The Standing Rock Fire Is Visible All Over the United States

Photo credit: Getty
Photo credit: Getty

From Esquire

ATLANTA-The battle on the ground against pipelines, and against the money power behind them, which is the more important of the two fights, has coincided with another phenomenon-namely, a revival of large-scale and visible political activism among the Native American tribes, especially in the Plains states of the Midwest. The most visible manifestation, of course, was the Standing Rock protest against the Dakota Access pipeline. On Tuesday, the protesters broke camp, burning their camp in a final act of defiance. James LaMere, of the Winnebago people in Nebraska, had a son who spent four months at Standing Rock. On Thursday, LaMere, the vice-chairman of the Nebraska Democratic Party, still hadn't heard from him.

"I get word from him from time to time and I say, whatever you do, I support it," LeMere said. "I don't understand it, totally, but I support it."

LaMere's activism goes back to the heady days of the 1970s, when the American Indian Movement was formed. AIM became the primary voice for the rights of native peoples and its encounters with political authority were not always peaceful. In February of 1973, AIM activists occupied the site of the Wounded Knee massacre of 1890. Two years later, another incident at the Pine Ridge Reservation in South Dakota ended with two FBI agents and a Native man shot to death. This was the action that sent AIM leader Leonard Peltier to prison for life. In 1978, AIM disbanded. Activism among the tribes continued fitfully ever since, but nothing happened that was at the level of the current movement to protect the water and the land by opposing the projects of the extraction industries. This is what happened at Standing Rock, but Native peoples also were an integral part of the coalition that fought and beat the Keystone XL pipeline, which the administration has said it will arrange to revive. Nebraska is waiting again.

"I can tell you that activism transcends the generations, it just takes a new form now," LaMere said. "In 1973, and the late-'90s, we did not have social media. The explosion of social media has been beneficial to us. The heart, the commitment, the frustration of Native people as regards mother Earth has always been there.

"I can tell you that activism transcends the generations, it just takes a new form now."

"It manifested itself at Standing Rock and it will continue to manifest itself in Nebraska at Keystone. I want to share with you-in Nebraska, when we looked at it, there was the Omahas, the Winnebagos, the Poncas, the Pawnees, the Lakotas, they consecrated the ground on which we live, so that we could grow and flourish. Covenants were made between the people and the Creator of all things, and covenants must be respected. We were stewards of the land in exchange for bountiful harvests and we promised that we would take care of mother Earth.

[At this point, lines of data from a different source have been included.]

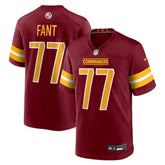 George Fant Washington Commanders Team Game Jersey Burgundy - Nike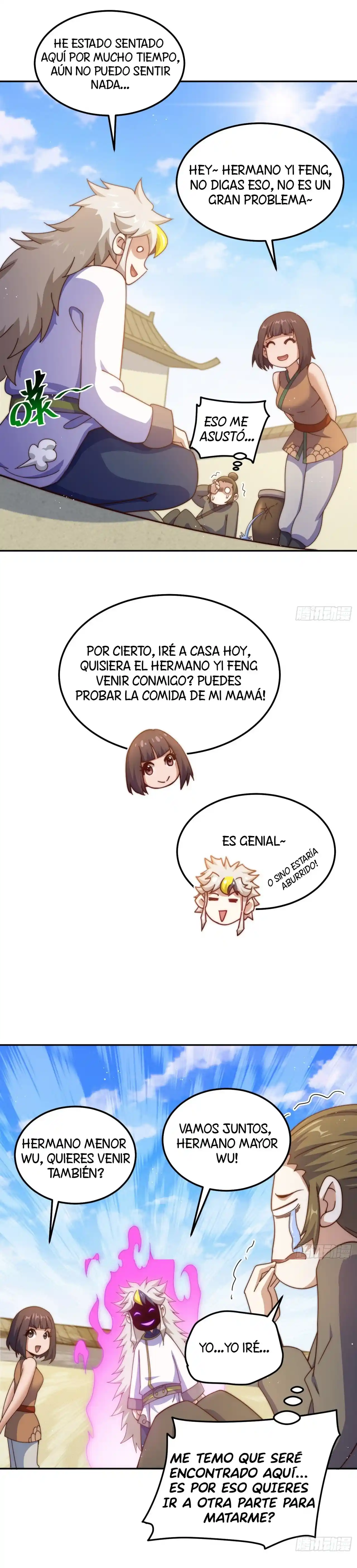 Por Encima De Diez Mil Personas - Capítulo 154 - Página 4 - LectorTMOo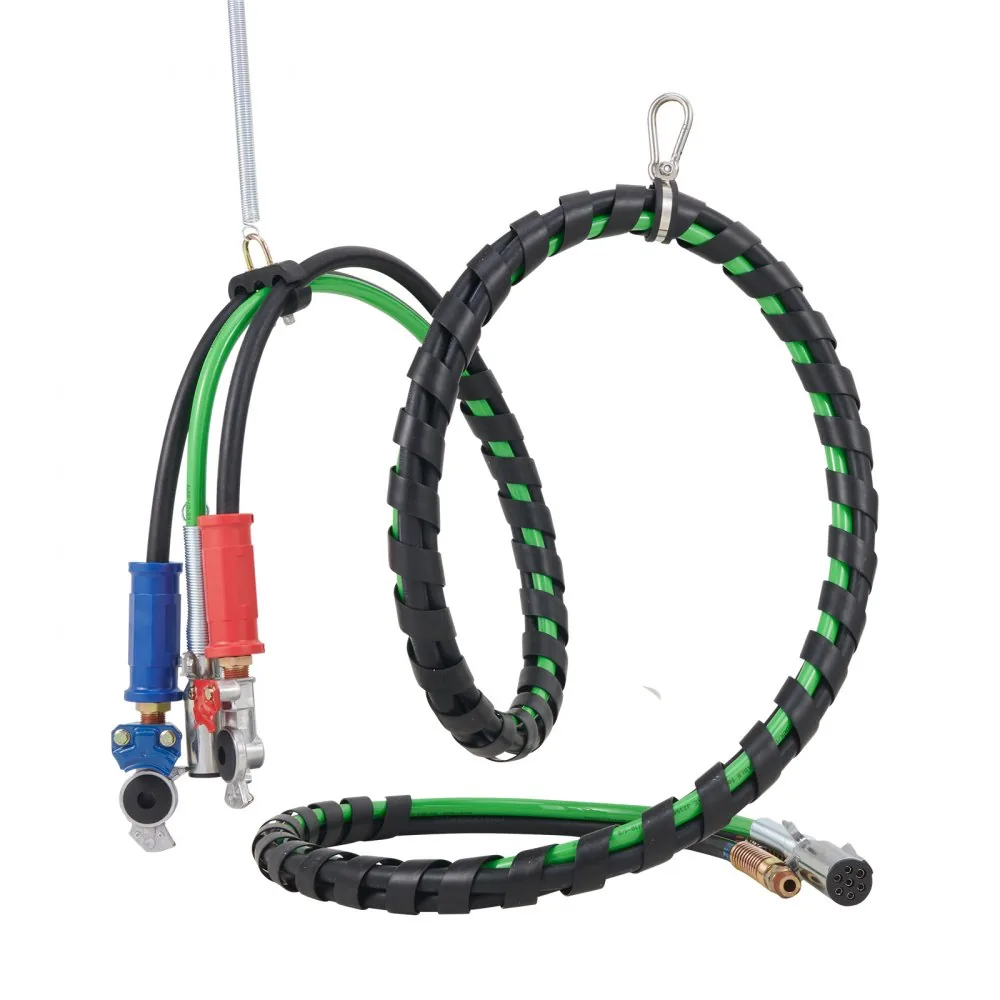 VEVOR 12FT Semi Truck Air Lines Kit 12 ft Without Gladhand product image 12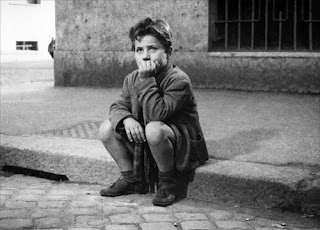 Enzo Staiola in Bicycle Thieves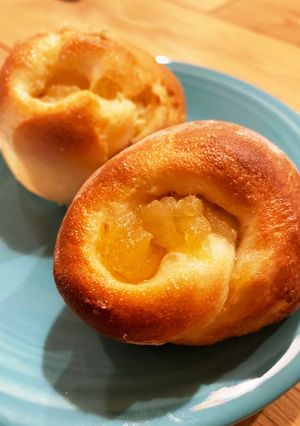 りんごのブリオッシュ風パン-レシピのメイン写真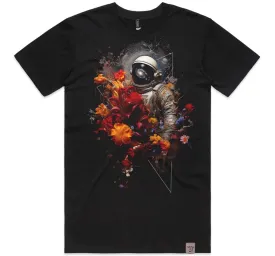 Major Tom Men's T Black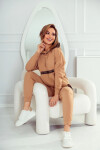 Dámská tepláková souprava Ferbi beige - ELDAR béžová L
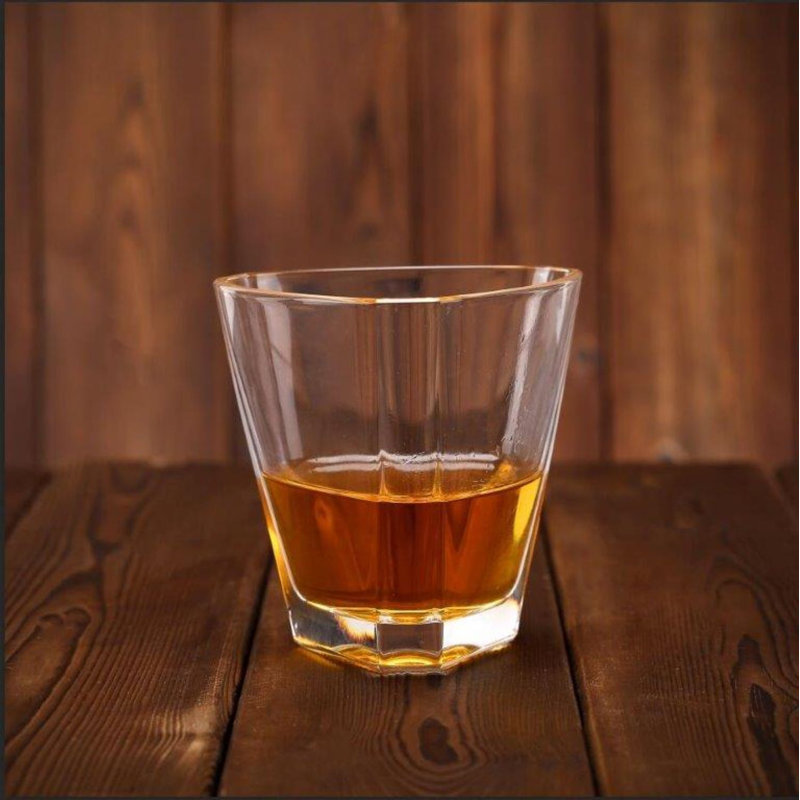 Triangle Crystal Glassware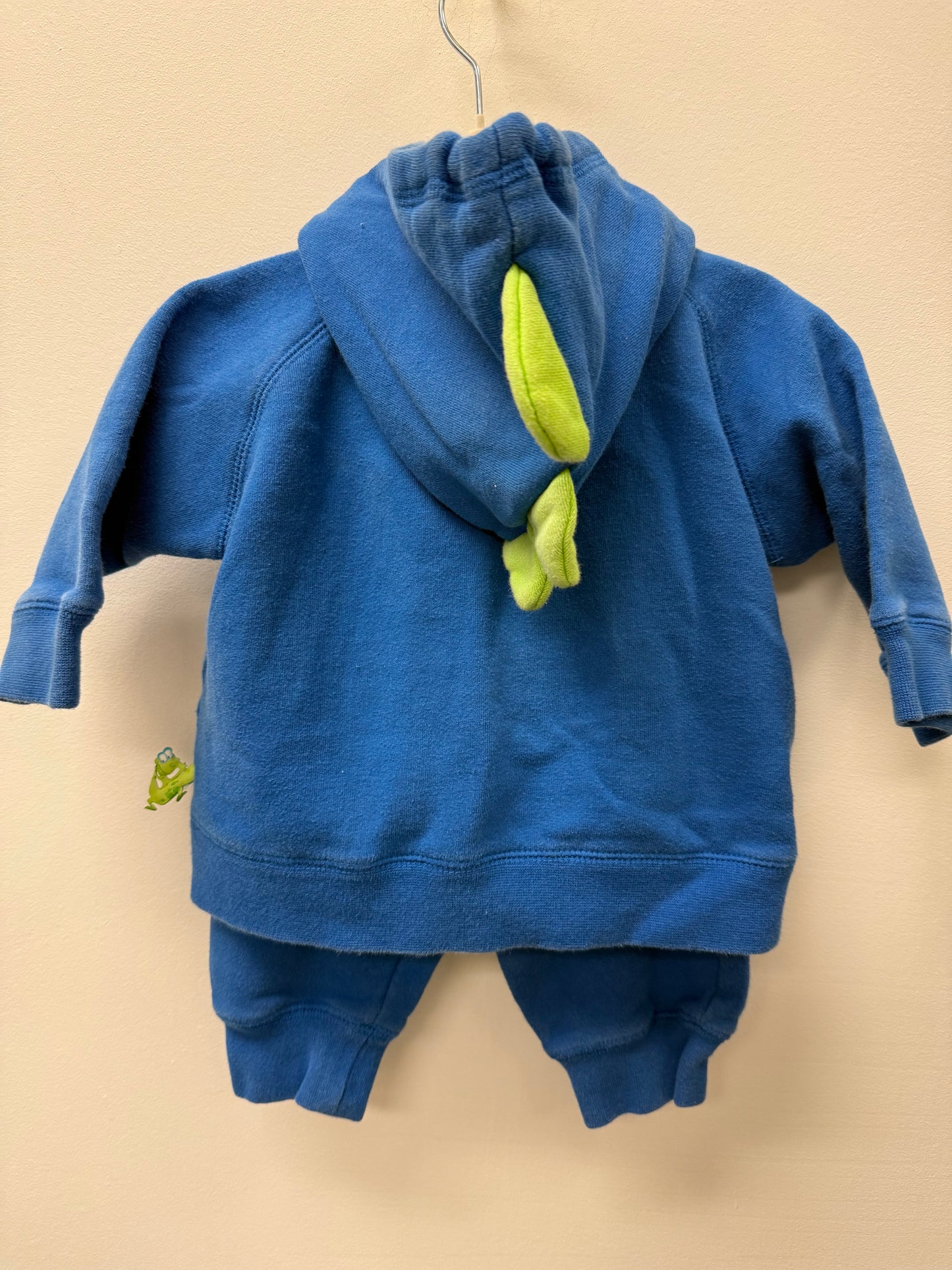 LITTLE TIKES BLUE TRACK SUIT SIZE 6-12M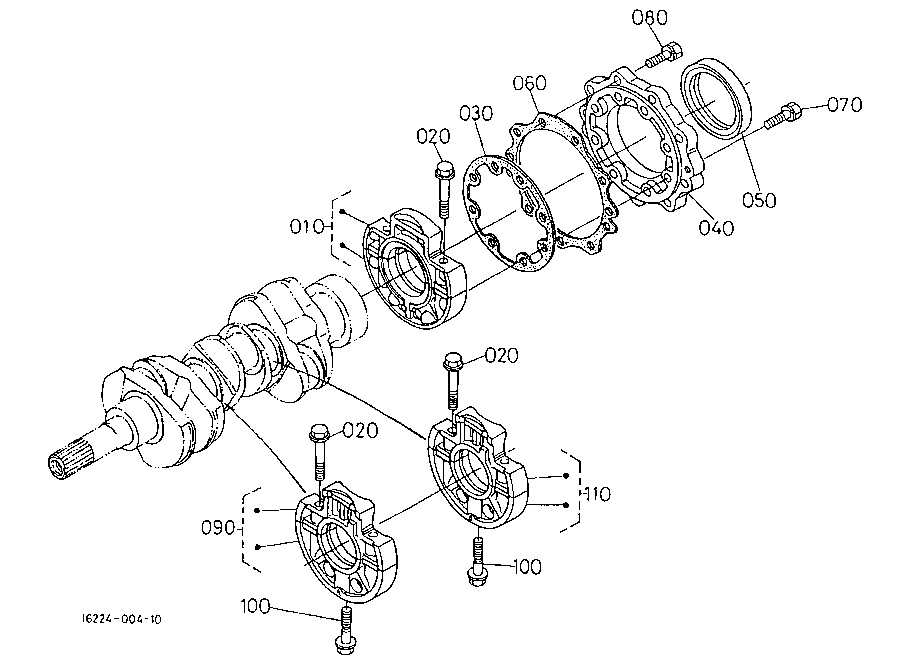 Main Bearing Case [New Type]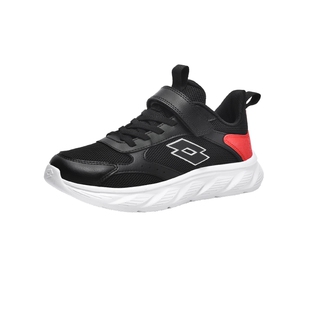 LOTTO乐途童鞋透气网面运动鞋儿童软底跑鞋2025秋冬季新款休闲鞋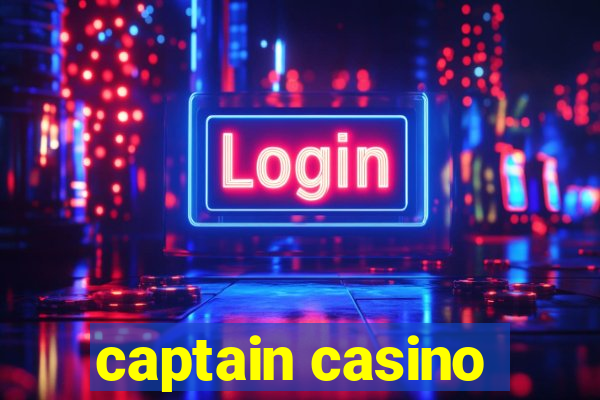 captain casino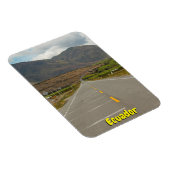 Panamerican Highway, Ecuador Magnet (Rechte Seite)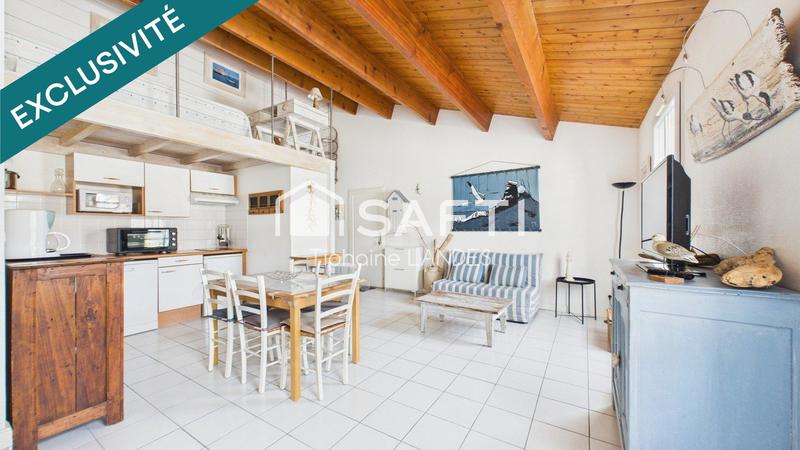 Appartement - 49 m² - 2 pièces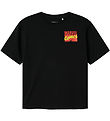 Name It T-shirt - NkmAdriel - Black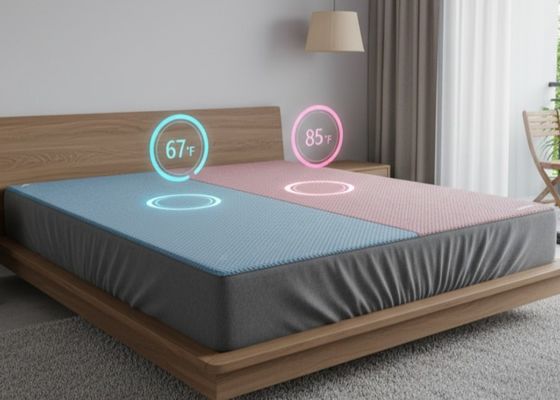 OEM Smart Cooling & Heating Mattress Pad.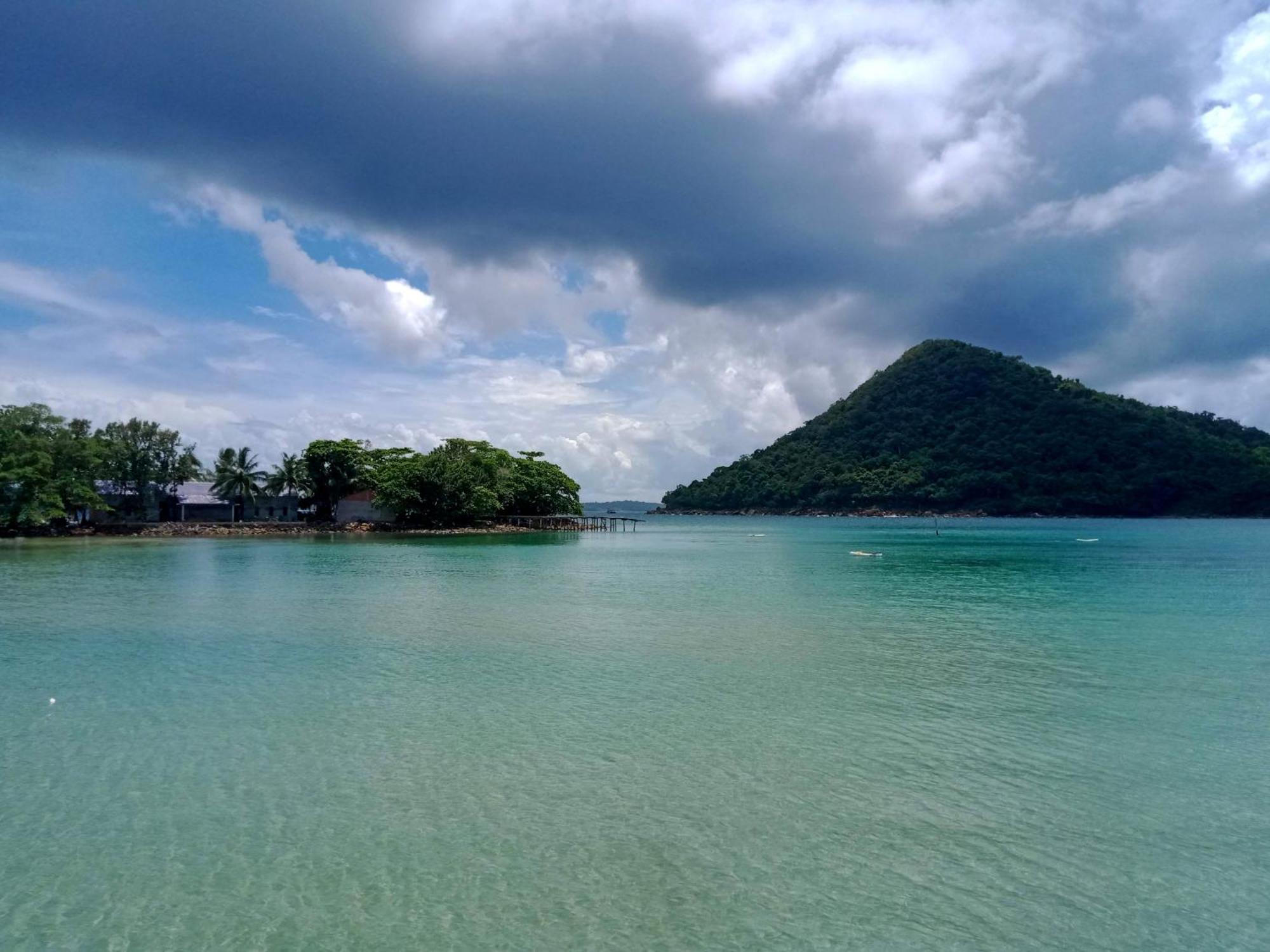 Baloo Guesthouse Đảo Koh Rong Samloem Ngoại thất bức ảnh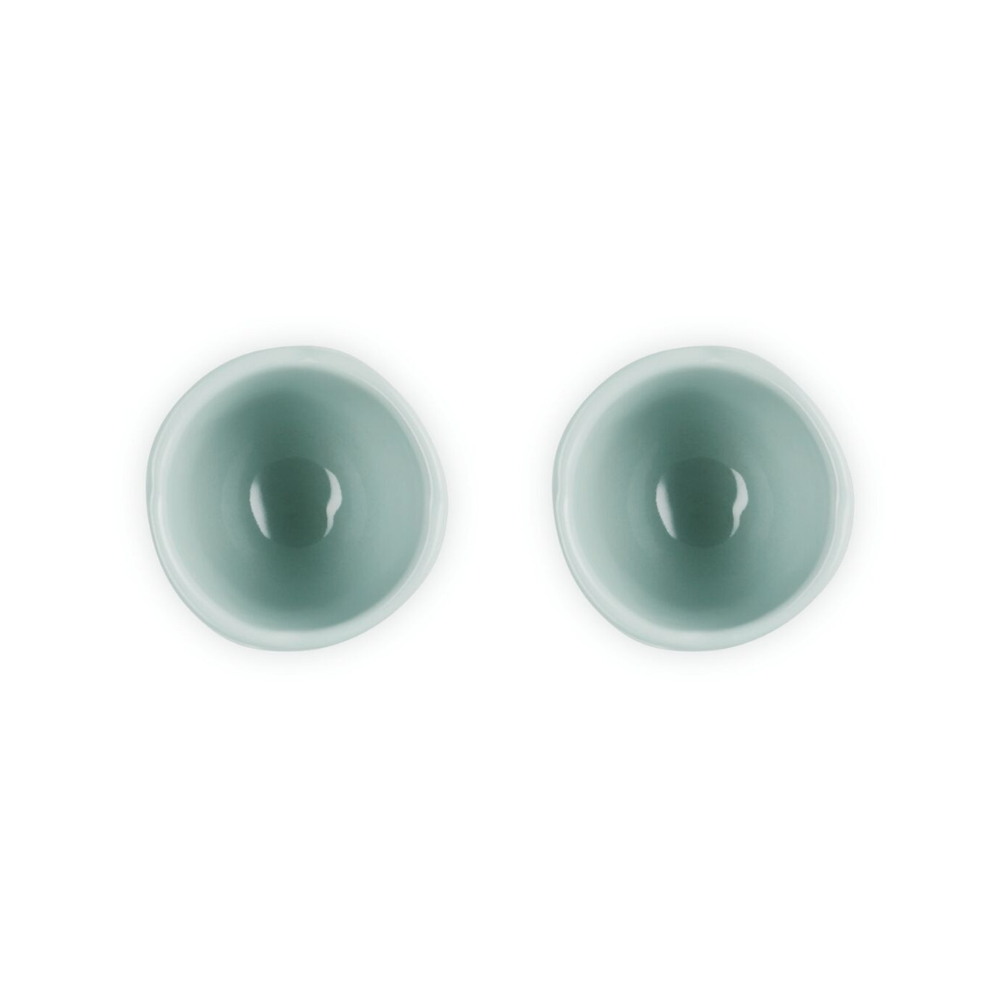 JARDIN EGG CUP 2 SET SEA SALT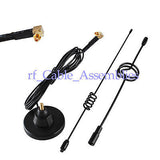 9dbi 3G omnidirectional antenna 670mm MC-Card cable Option Wireless Card GT-MAX/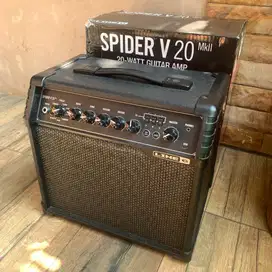 Line 6 SPIDER V20 MkII Ampli Gitar / 20-watt guitar amp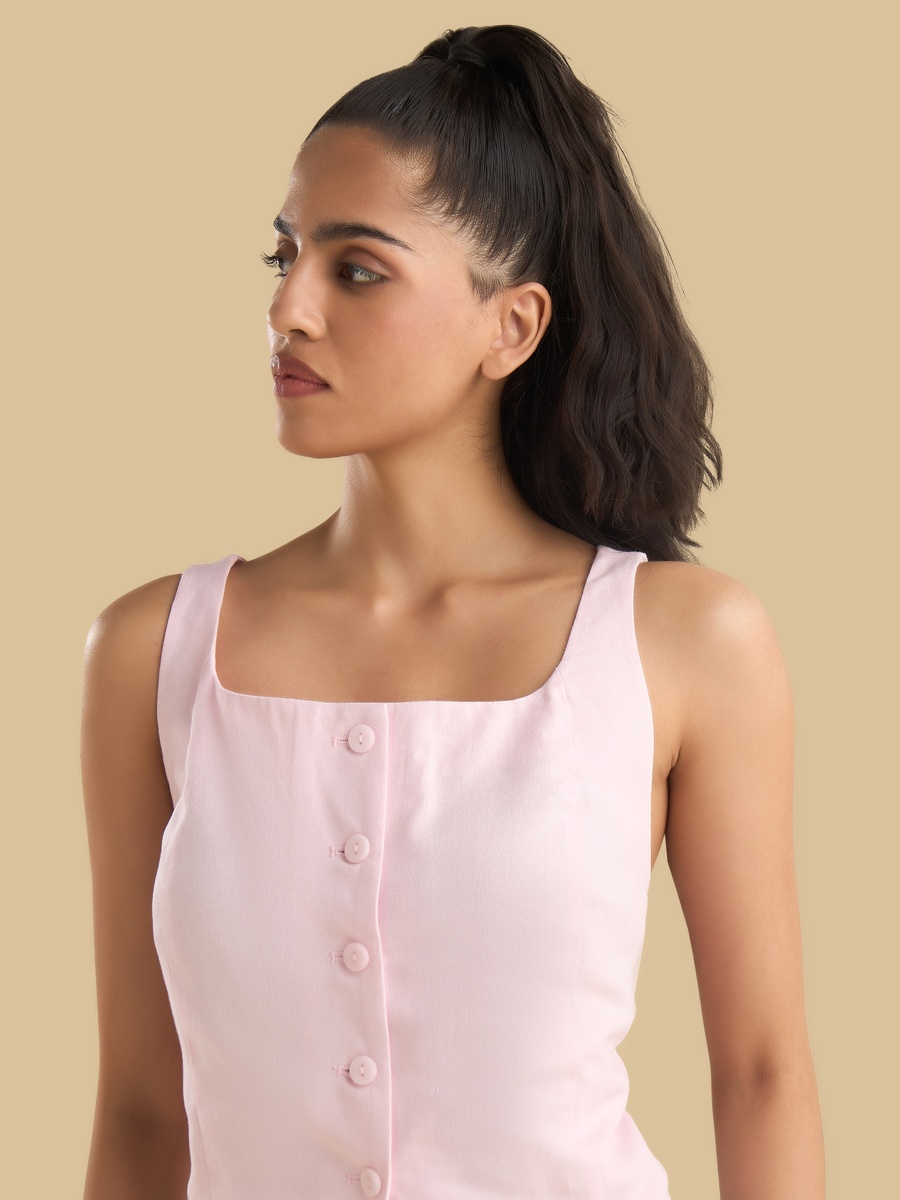 Waistcoat with Back Tie-Up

Stewardship has changed now, but the covenant is still there."

It is easy to dismiss this kind of talk as some kind of vestigial quasi-religious incantation instead of serious policy proposals, but the essence of what LaMere makes at least as much sense as letting a foreign company with a terrible safety record run a pipeline full of the world's most poisonous fossil fuel through some of the most arable farmland in the world.

"Covenants have been made and covenants must be respected. We do not live up to it, I believe, mother Earth will simply take it from us. That's how I see it. That's the faith I was raised in. You take care of it, or it will be taken from you. There's a feeling among the new stewards that, maybe, we can fine-tune that covenant, but you can't. The most bountiful harvests in the world are in Nebraska and those come about because of prayers over 10,000 years by the first Nebraskans. It's a complex issue but, when all else fails, figure out why it is the way it is, and why we thrive there."

Given the history that need not be recounted here, it's a wonder that Native people bother with conventional politics at all. But we should be glad that they do. In a vast and ancient sense, they're better citizens than most of us are.